:: MATERIAL TO PROCESS ::

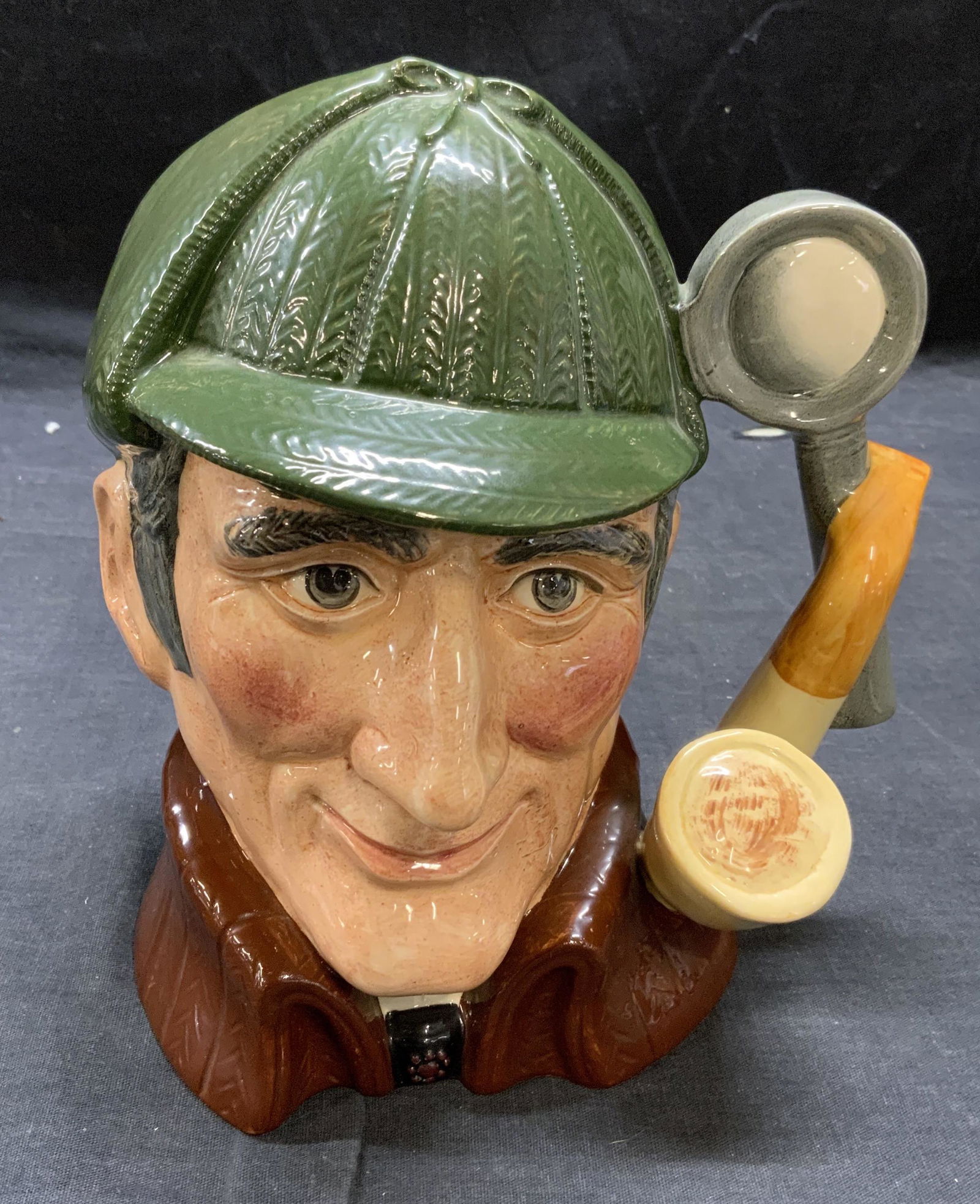 Vtg Royal DOULTON Ceramic Sleuth Toby Jug England (1 of 6)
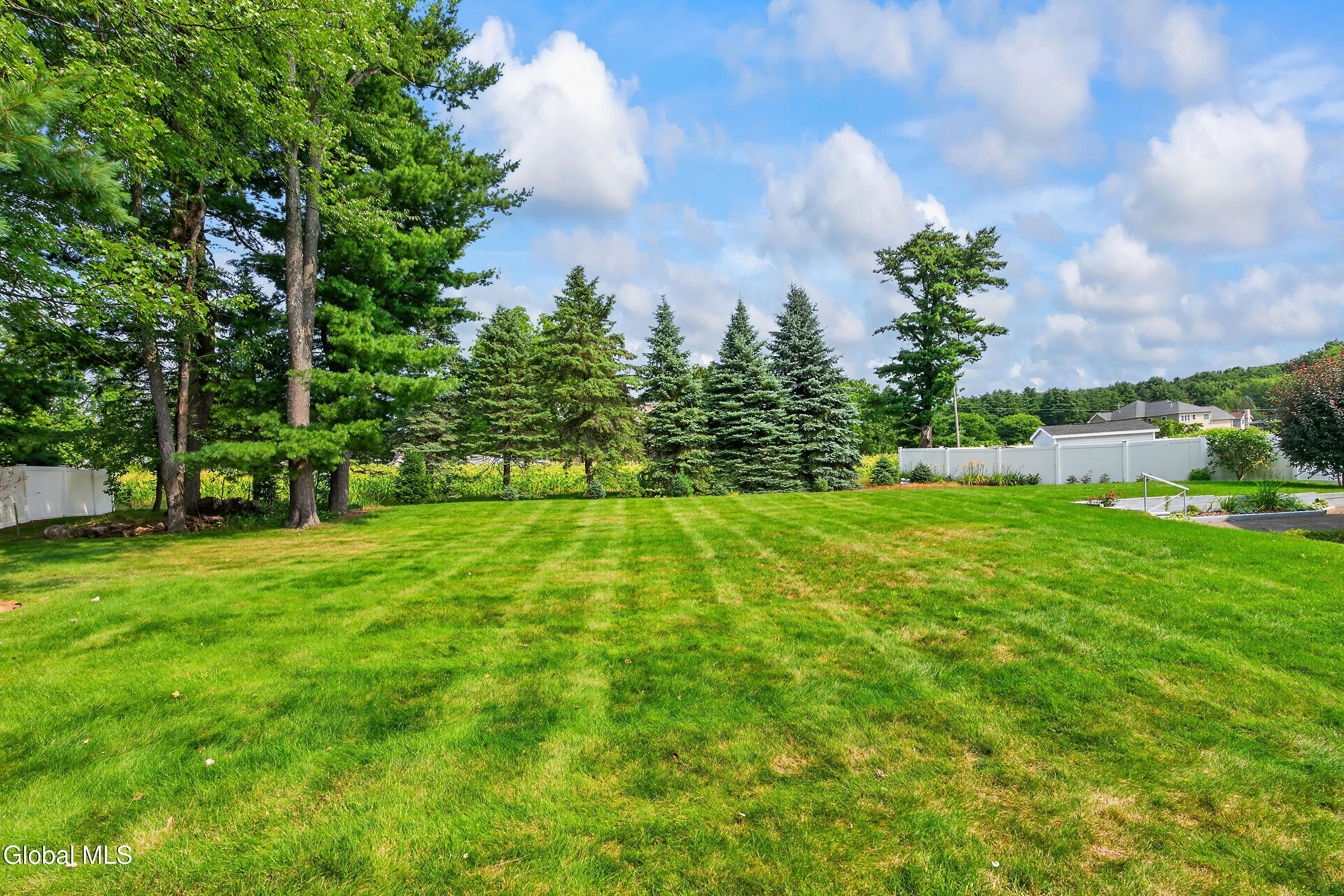 6 Durham Court Schenectady NY 12309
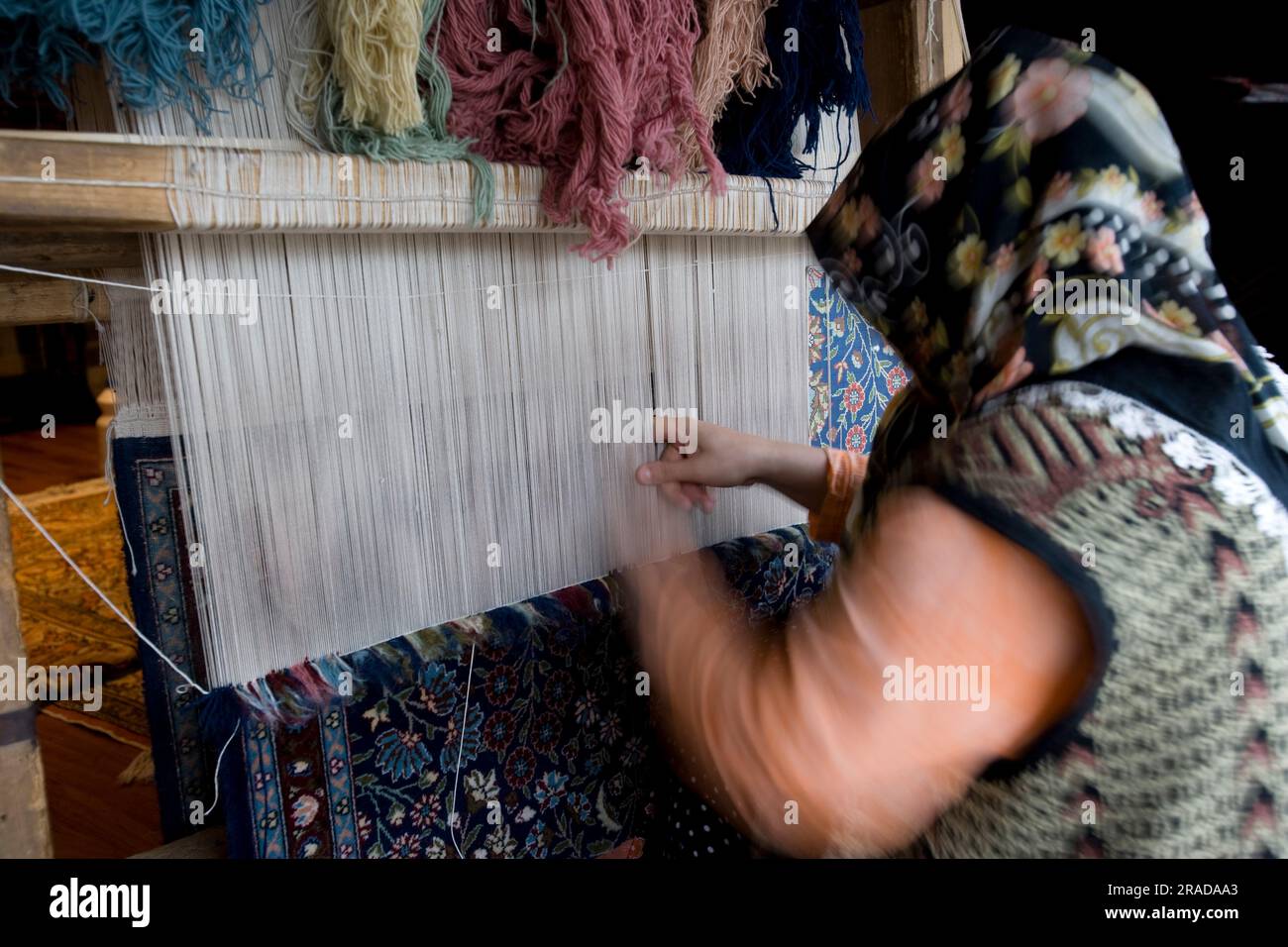 Eine türkische Frau, die Teppichweber in der Elegance Rug Gallery, Sultanahmet, Stockfoto Eine türkische Frau, die Teppichweber in der Elegance Rug Gallery, Sultanahmet, Stockfoto
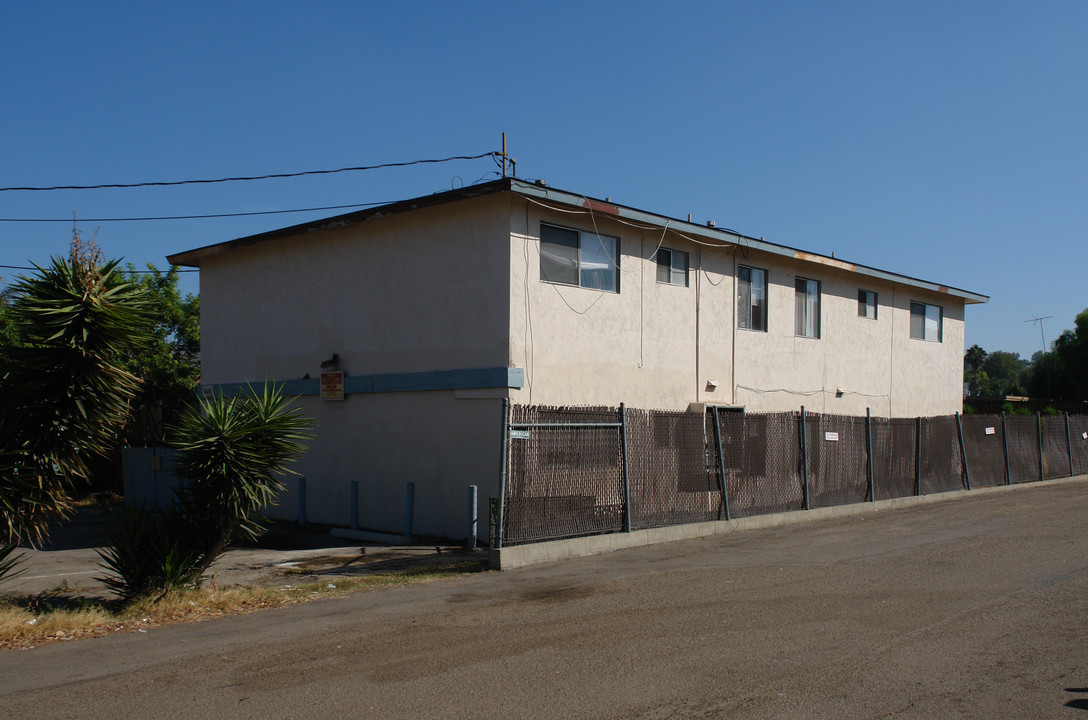 3643 S Barcelona St in Spring Valley, CA - Building Photo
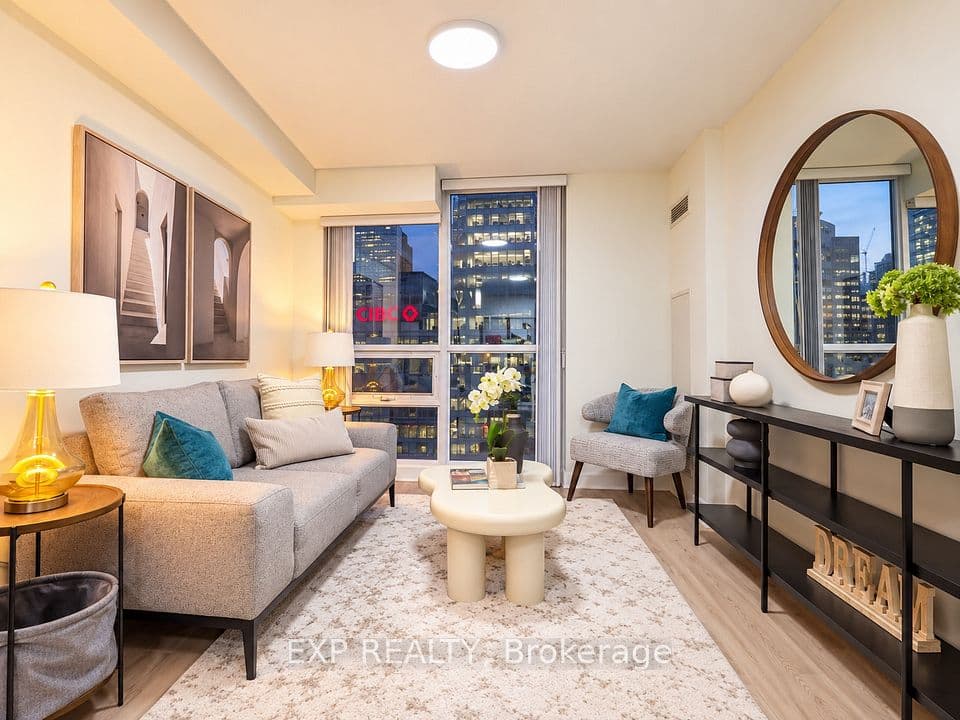 18 Harbour Street 703, Toronto, ON M5J 2Z6 – main photo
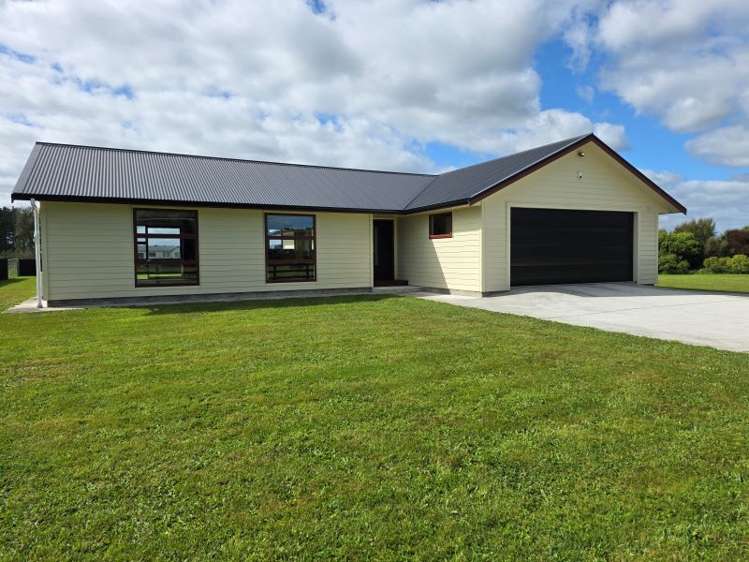 381A Park Road Carterton_19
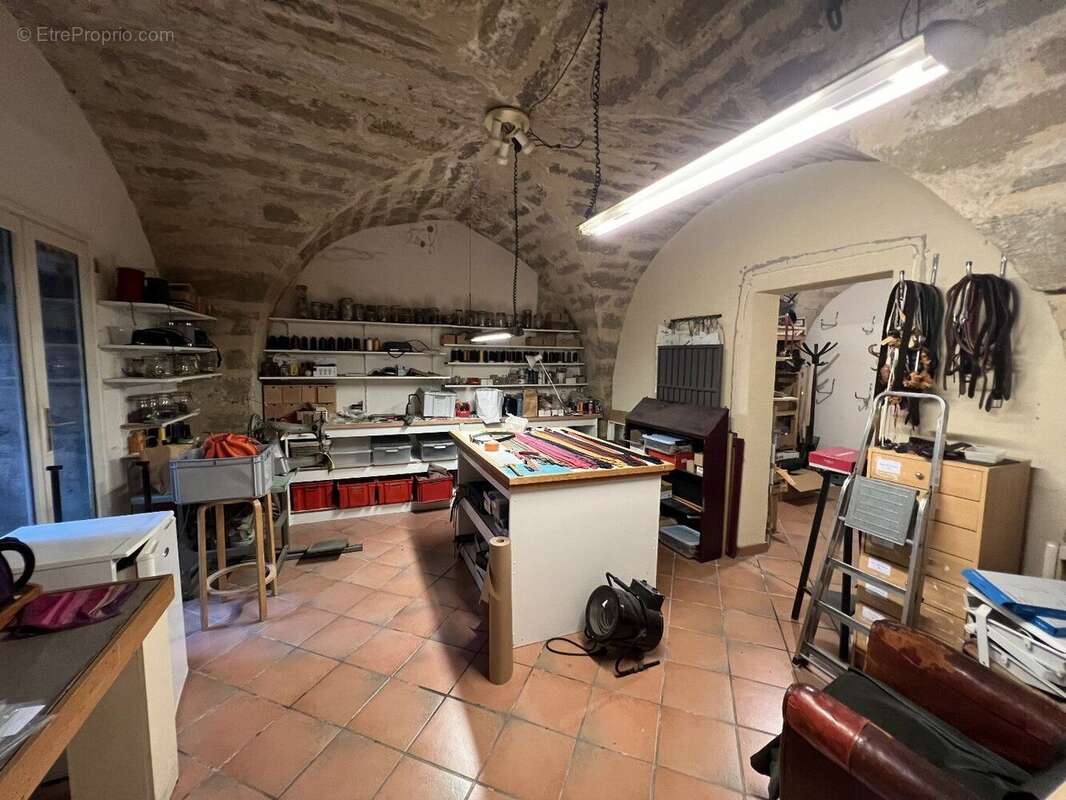 Photo 3 - Commerce à PEZENAS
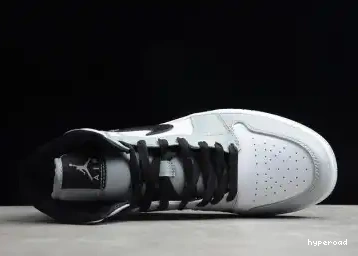 Hyperoad JORDAN GREY LIGHT SMOKE AIR MID 1 0519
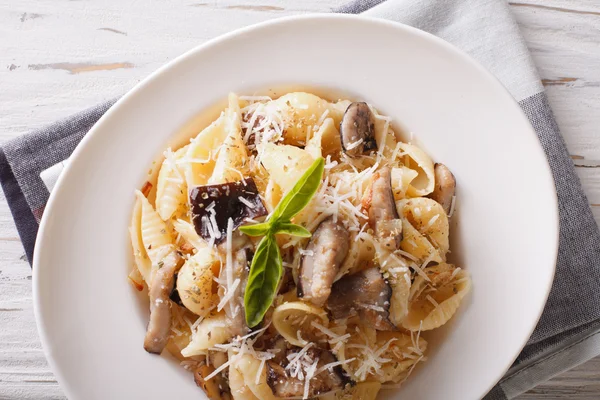 Conchiglie with porcini mushrooms and parmesan close-up. Horizon — Stock Photo, Image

:::

> **EXERCISE DIRECTIONS**
The answer should consist only of the lines from the one with "381A Park Road Carterton_19" through the last line of the material above, copied exactly, with no pictures.

> **WRITTEN SOLUTION**
 381A Park Road Carterton_19
 Photo 3 - Commerce à PEZENAS
 Hyperoad JORDAN GREY LIGHT SMOKE AIR MID 1 0519
 Conchiglie with porcini mushrooms and parmesan close-up. Horizon — Stock Photo, Image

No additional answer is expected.